Based on requests from clients, there is a growing interest to understand what makes a micro wine region unique from a sensory perspective. The main reasons cited were

  • Educating consumers and buyers on what they can expect from the region
  • Directing the winemaking practices that are best suited to the potential of the grapes

The goal of the exercise will drive the sensory evaluation approach. In the often repeated words of our Managing Director – Dr Leanie Louw:

The result of a sensory test is only as good as the panel that you use and the questions that you ask.

With this in mind we strongly caution against trying to glean this information from an informal benchtop tasting resulting in inconsistent tasting notes and biased discussions. There are much more powerful and effective tools available that doesn’t break the bank and the costs of which can easily be split among participating wineries.

With a well thought out experiment design, sensory best practices and a suitable tasting panel one can generate reliable outcomes with the necessary gravitas that will answer the question asked.

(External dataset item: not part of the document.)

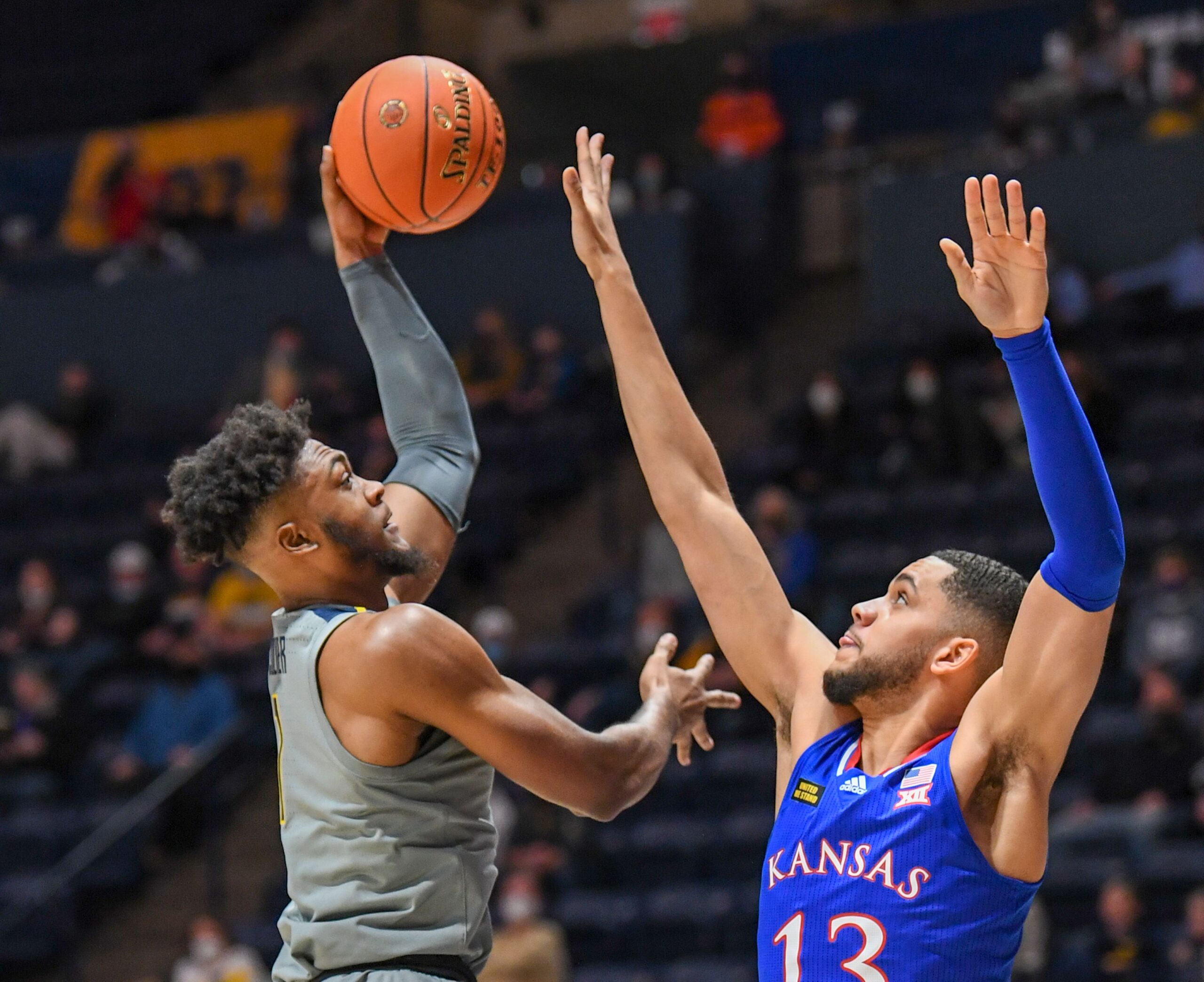NOTEBOOK: Huggins' 'motivating' timeout helped end Kansas' run in the second half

Some notes on panel choices

The decision of which panel to use depends on the desired outcome. The two options available are trained sensory panels and wine professional panels. Here’s how we used the two panels to profile micro wine routes.

Trained sensory panel for wine marketing purposes

In one case where the information was specifically going to be used to educate consumers, we decided to go with a trained sensory panel. The reason for this was that a non-industry professional trained panel typically uses a lexicon that are more easily understood by untrained consumers. Furthermore, because the trained panellists use descriptors in exactly the same way, it was easier to identify those individual descriptors that are more commonly used to describe wines from the region.

Wine professional panel for strategic winemaking decisions

In another case that had a more strategic objective, we used a panel of winemakers and wine professionals to evaluate the wines according to a very specific sensory evaluation methodology that expressly allows for the fact that wine experts don’t always have agreement on how wine descriptors are used. Using this approach we could communicate the factors behind the uniqueness of the region using terms that are more conceptual and encompassing than what a trained panellist would typically use, for example “integration.” These help winemakers to make strategic decisions based on concepts that they are very familiar with.